_WORK REQUIRED_
Could you set down only the lines from the one including "Vista exterior de" to the end of the records below, inclusive and exact, leaving pictures out?
###
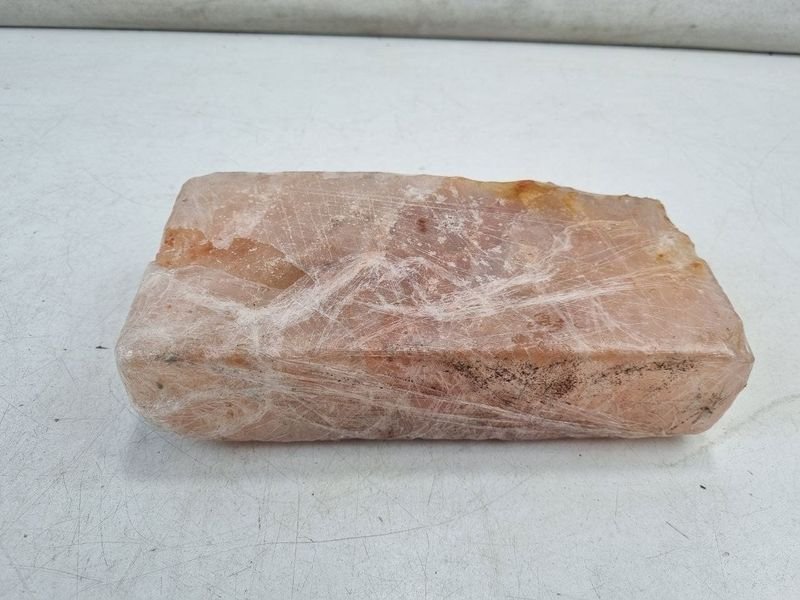 L 347 - 1 Pieza - Importante bloque de sal del Himalaya con propiedades decorativas y gastronómicas (Medidas 22x10x5cm)
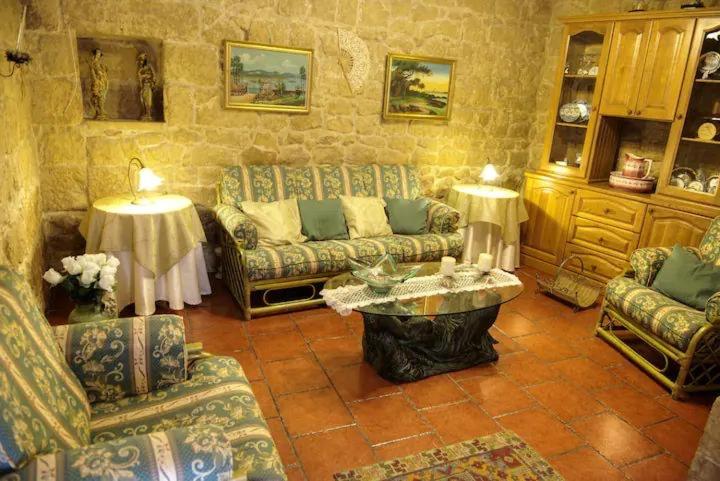 Id-Dwejra House of Character with private pool and Jaccuzi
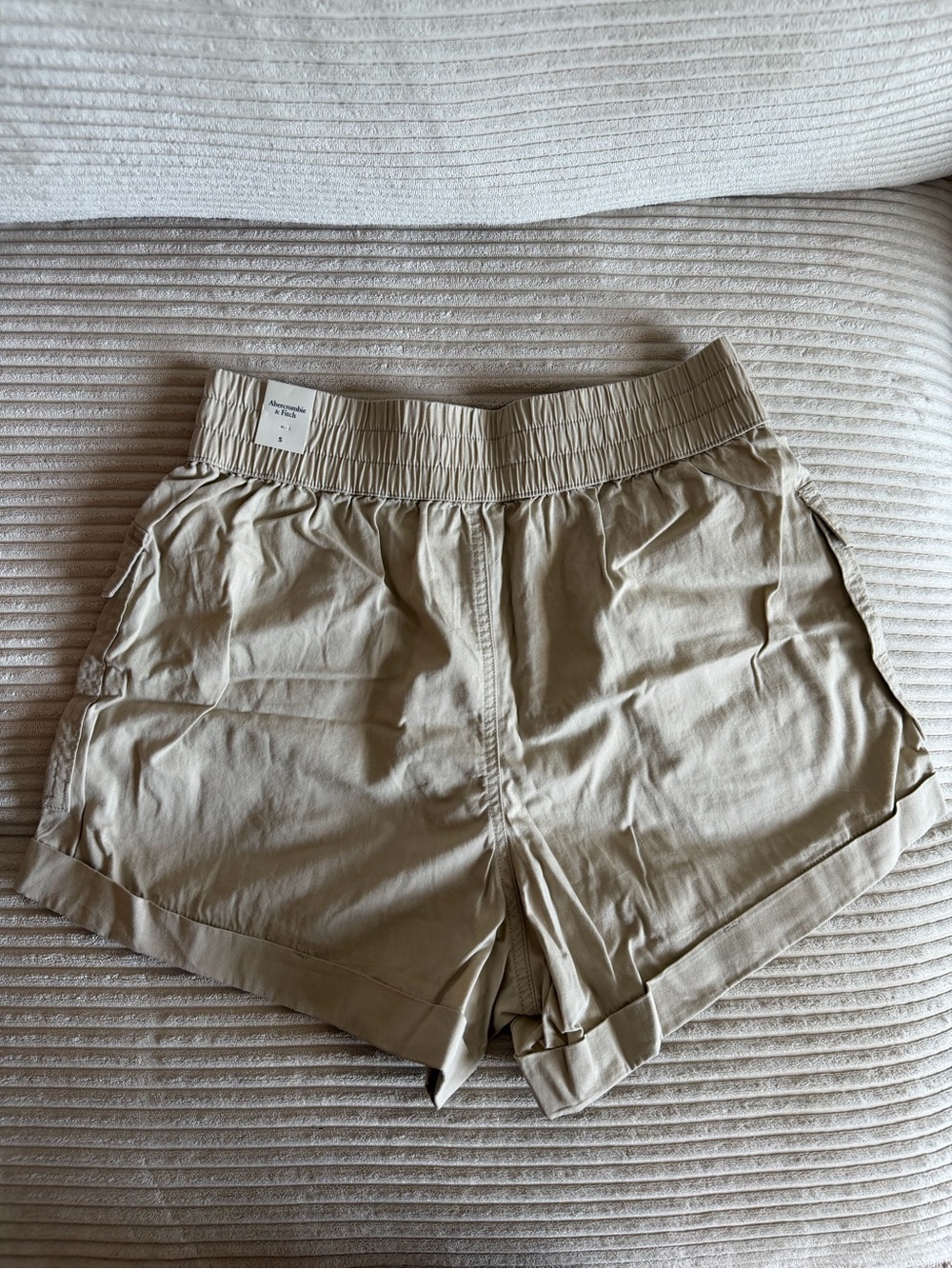 Women’s High-Waist Cargo Shorts in Beige - Picture 2 of 2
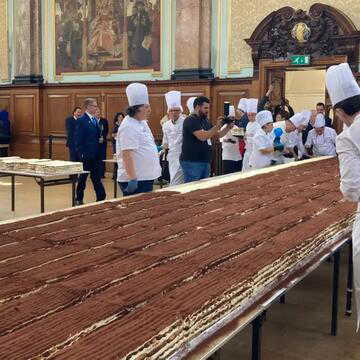 London sets Guinness World Record with 440-metre tiramisu—here's how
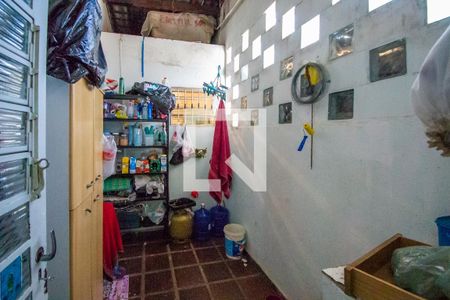 Casa à venda com 162m², 3 quartos e 3 vagas Casa à venda com 162m², 3 quartos e 3 vagasÁrea de Serviço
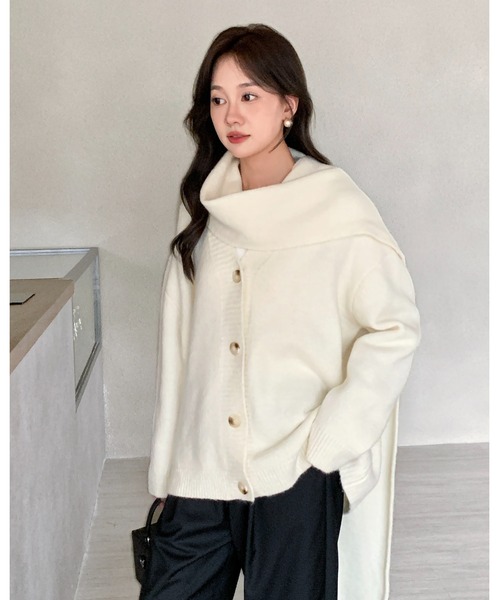 BIRTHDAY BASH(バースデイバッシュ)の「KNIT CARDIGAN with MUFFLER(ニットカーディガン マフラー付き)(カーディガン/ボレロ・レディース・ホワイト・FREE)」の3枚目の写真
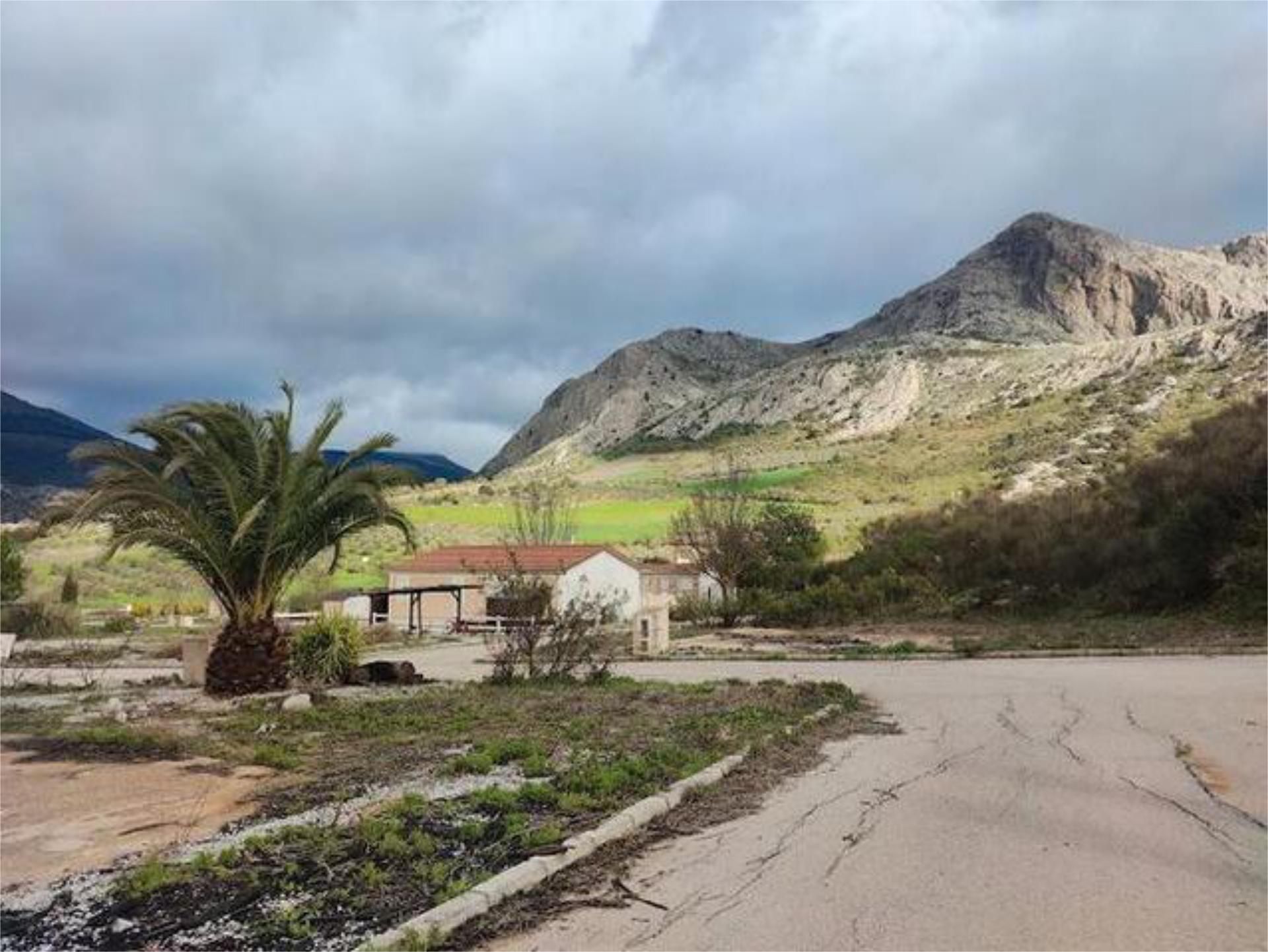 Vista exterior de Casa o chalet de alquiler en Alfarnatejo con Calefacción, Jardín privado y Terraza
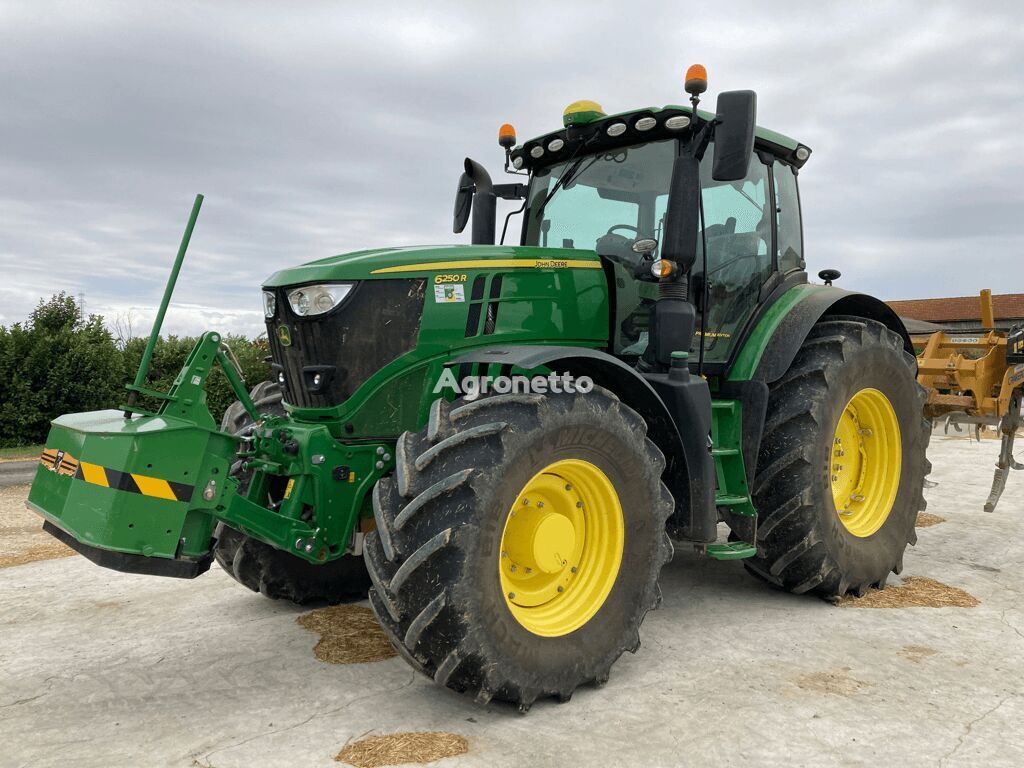 John Deere 6250R tractor de ruedas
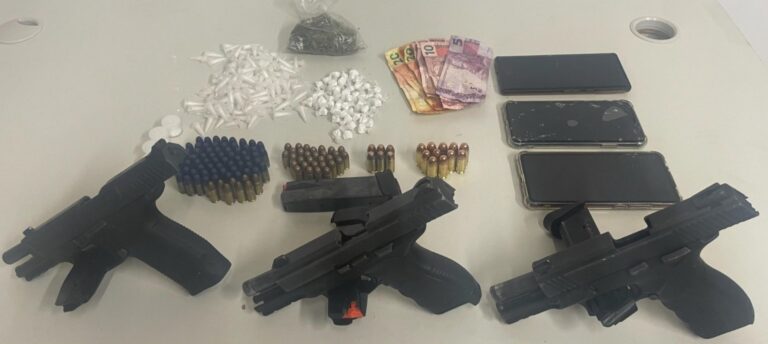 armas-e-drogas-apreendidas-apos-tiroteio-em-Salvador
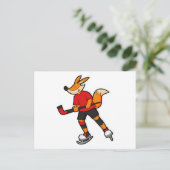 Fuchs beim Eishockey mit Eishockeyschläger Postkarte (Stehend Vorderseite)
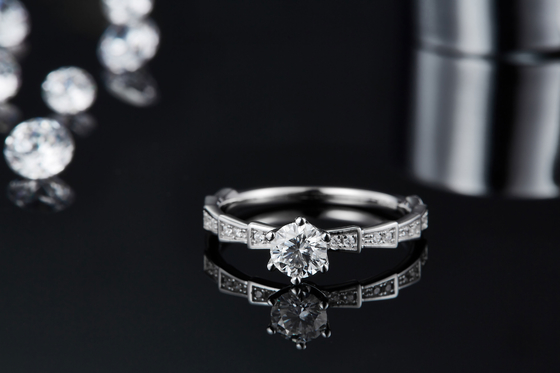 সাদা Moissanite অনন্য Sytle এবং নীলকান্তমণি Platineve হীরা গয়না মহিলাদের রিং
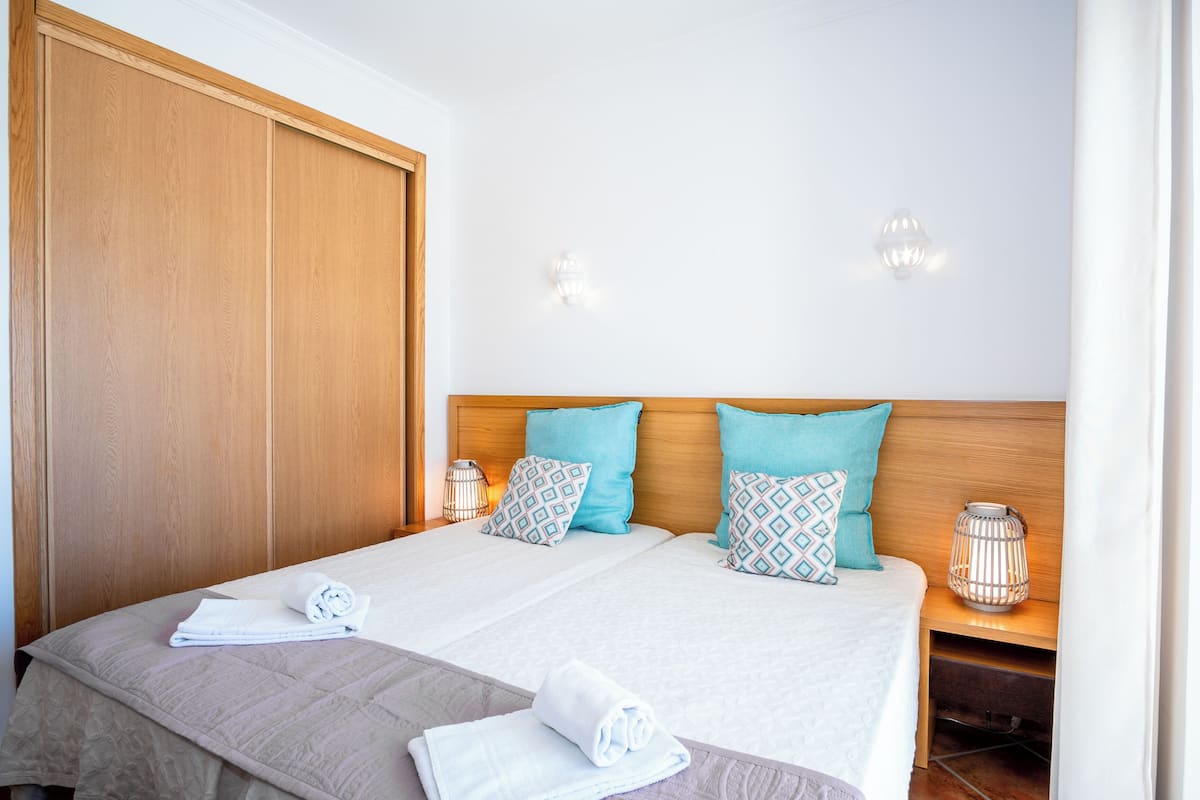 Apartment, 2 Bedrooms | In-room safe, iron/ironing board, individually furnished, bed sheets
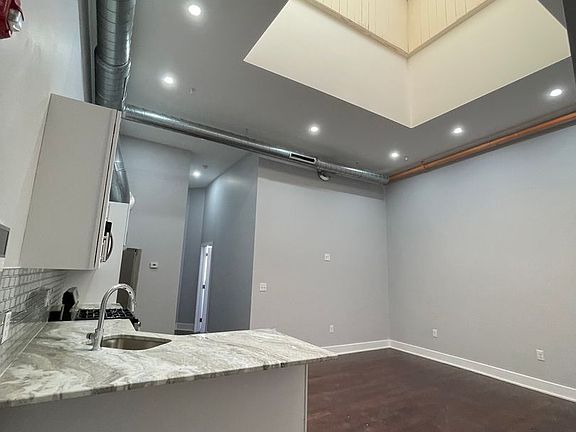 2nd image of 300 Richmond St #7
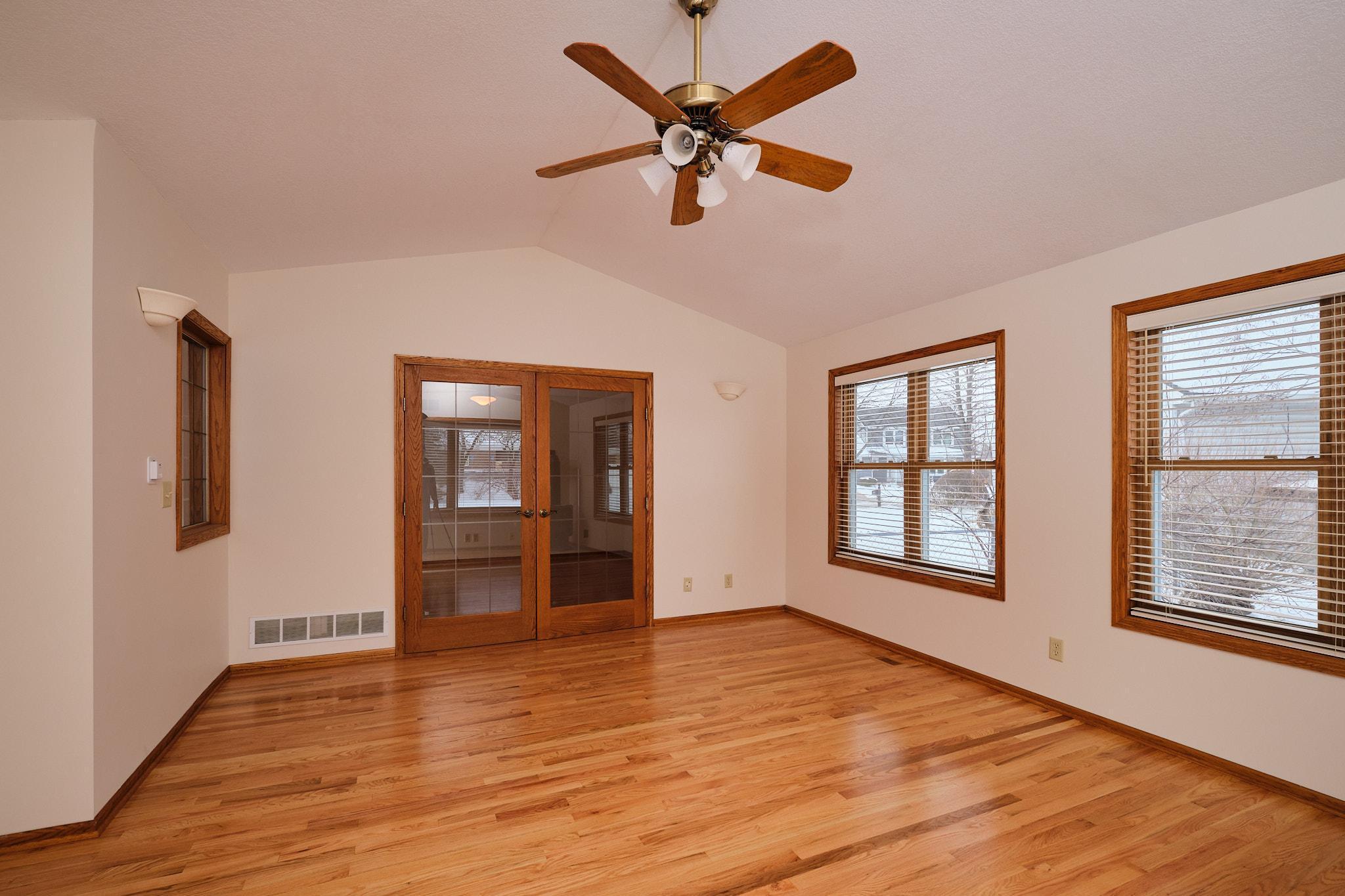 2214 Viola Heights Drive Northeast Rochester, MN 55906 - Photo 13 of 42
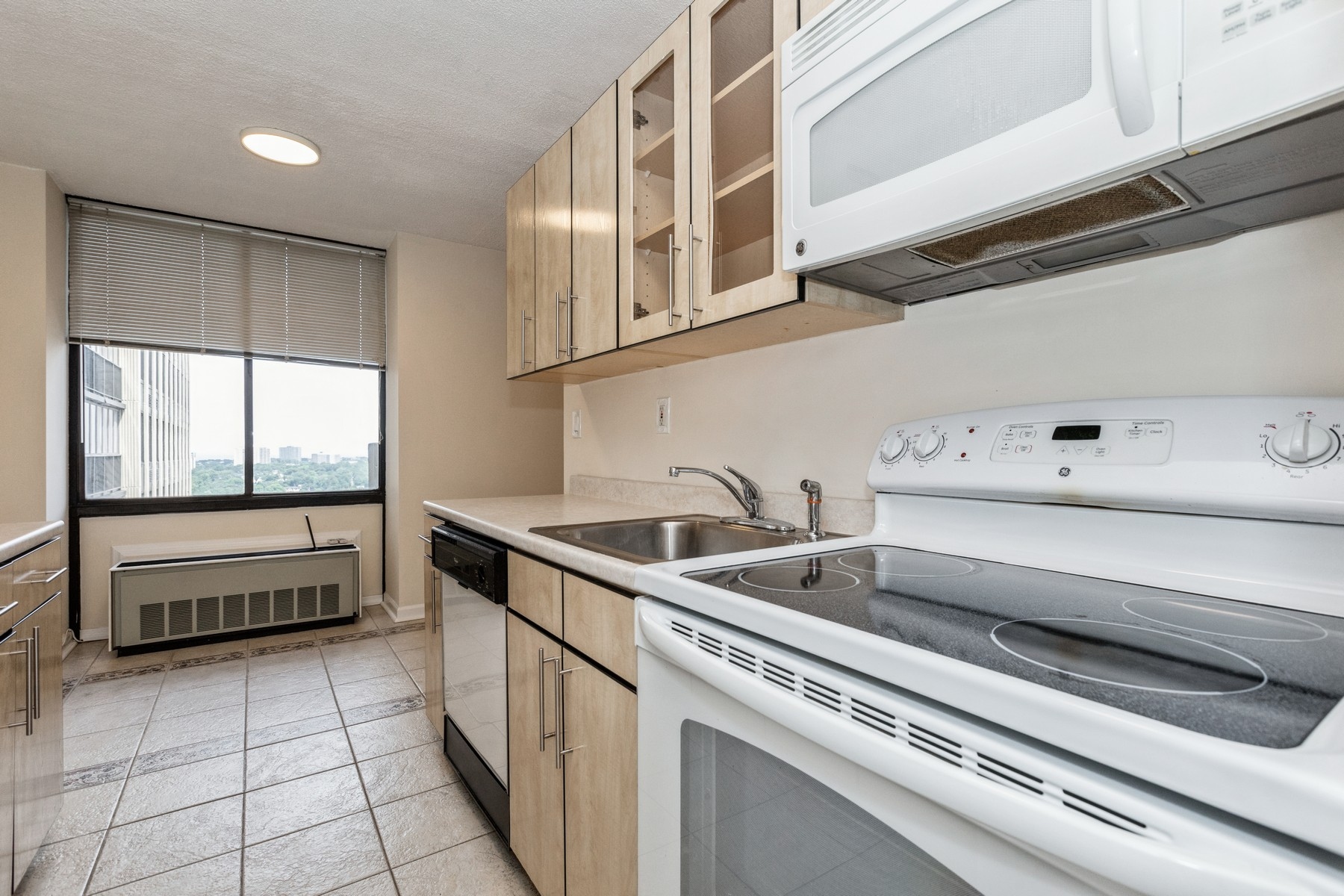 300 Winston Drive, #1907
###
_SOLUTION FOR THIS PROBLEM_
 Vista exterior de Casa o chalet de alquiler en Alfarnatejo con Calefacción, Jardín privado y Terraza
 John Deere 6250R tractor de ruedas
 armas-e-drogas-apreendidas-apos-tiroteio-em-Salvador
 Fuchs beim Eishockey mit Eishockeyschläger Postkarte (Stehend Vorderseite)
 সাদা Moissanite অনন্য Sytle এবং নীলকান্তমণি Platineve হীরা গয়না মহিলাদের রিং
 Apartment, 2 Bedrooms | In-room safe, iron/ironing board, individually furnished, bed sheets
 2nd image of 300 Richmond St #7
 2214 Viola Heights Drive Northeast Rochester, MN 55906 - Photo 13 of 42
 300 Winston Drive, #1907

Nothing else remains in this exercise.